Prueba de ello son las dos arias de Malcolm y el rondò final de Elena, “Tanti
affetti in tal momento”; bel canto en su máxima expresión. La producción del escocés Paul Curran es muy pobre, al no
explotar las oportunidades que da exaltación de la naturaleza, no porque haya
pensado en un concepto original, sino simplemente porque no pudo. Esto es
probablemente causado por el hecho de que se trata de una producción del Met
con el Festival de Santa Fe, cuyo teatro tiene características muy diferentes
al Met, especialmente al no estar cerrado por el fondo del escenario donde se
ven las Montañas Sangre de Cristo –llamadas así por el color con que la tiñe el
sol al ponerse, simultáneamente al inicio de la función–, allá sí brilló la
naturaleza, en el Met todo fue oscuridad que se trató de aliviar usando una
proyecciones sobre el fondo del escenario, ejecutadas por Driscoll Otto.

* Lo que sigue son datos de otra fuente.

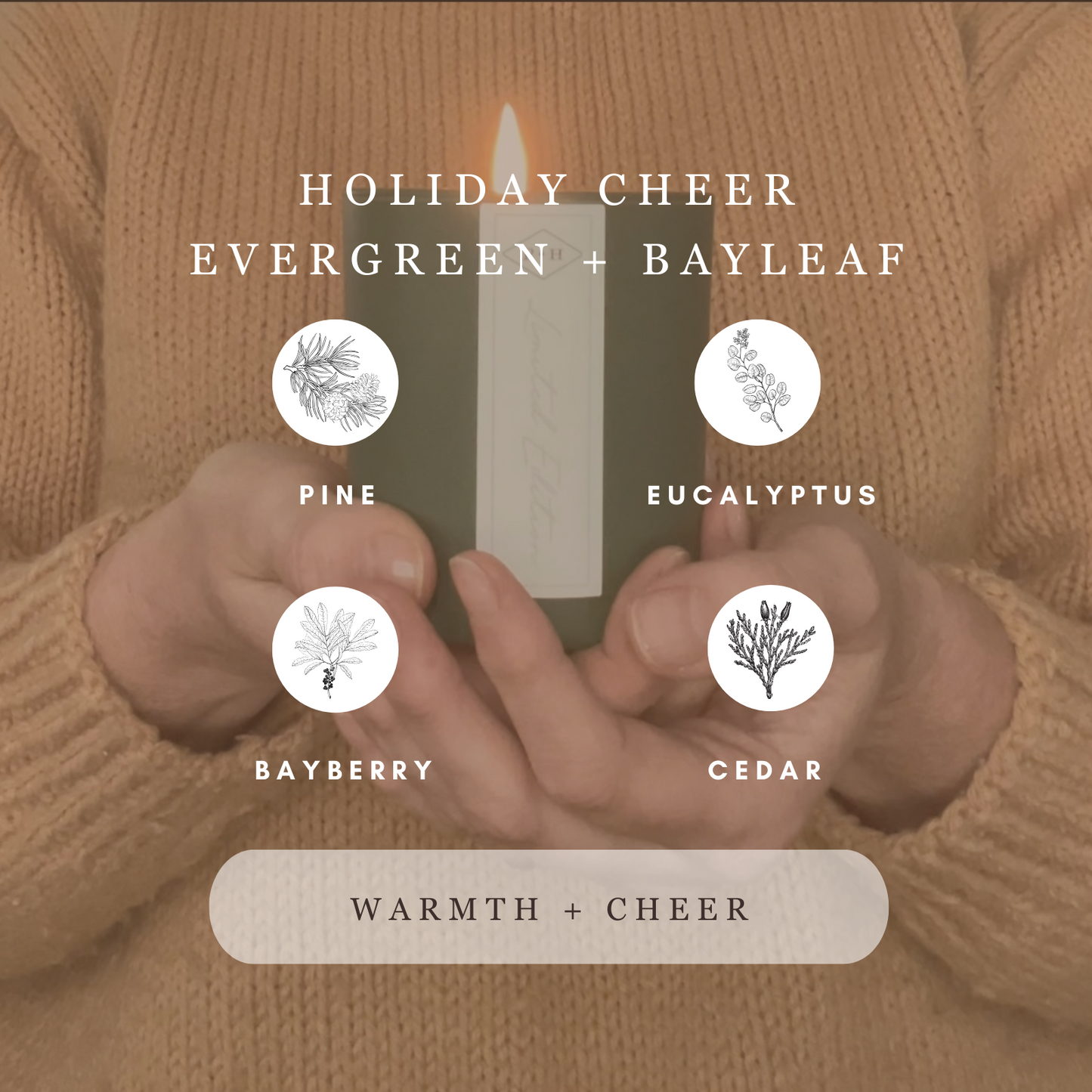 Holiday Cheer Candle in Evergreen + Bay Leaf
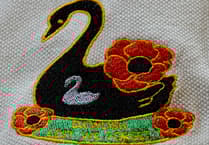 Navy Veteran's £3,600 Poppy Appeal success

Kevin Knight diseñó un escenario inapropiado, pero se imaginó un vestuario
coherente con la época y rango de los personajes. Si la producción fue mediocre, lo que sucedió con la música
fue totalmente lo contrario. Brillantez, pirotecnia vocal cuando se necesitó,
precisión, yo diría casi perfección de interpretación rossiniana. Joyce DiDonato es hoy la mezzosoprano del momento, no hay
duda al respecto. La belleza del timbre de su voz (juicio subjetivo) se une a
la ejecución fabulosa de su particella, ejecutando la línea
melódica con la ornamentación que escribió Rossini (juicio objetivo). Fue una
Elena muy difícil de olvidar. Daniela Barcellona fue Malcolm y negoció con
mucha belleza sus arias con sus amenazantes dificultades. Muy pocas casas tienen los recursos suficientes para contar
con dos de los grandes tenores rossinianos del momento, Flórez como Giacomo V
mostró su agilidad característica en el papel que estrenó David, y John Osborn
como Rodrigo no desmereció un ápice en el papel estrenado por Nozzari. Oren Gradus
tuvo una buena noche como Duglas. Quien
también brilló refulgentemente fue Michele Mariotti al frente de la orquesta y
coro del Met. En resumen:
Salve Rossini! Salve Joyce! Salve Juan Diego! Salve John! y Salve Michele!
Flórez, como siempre: almibarado y afectado.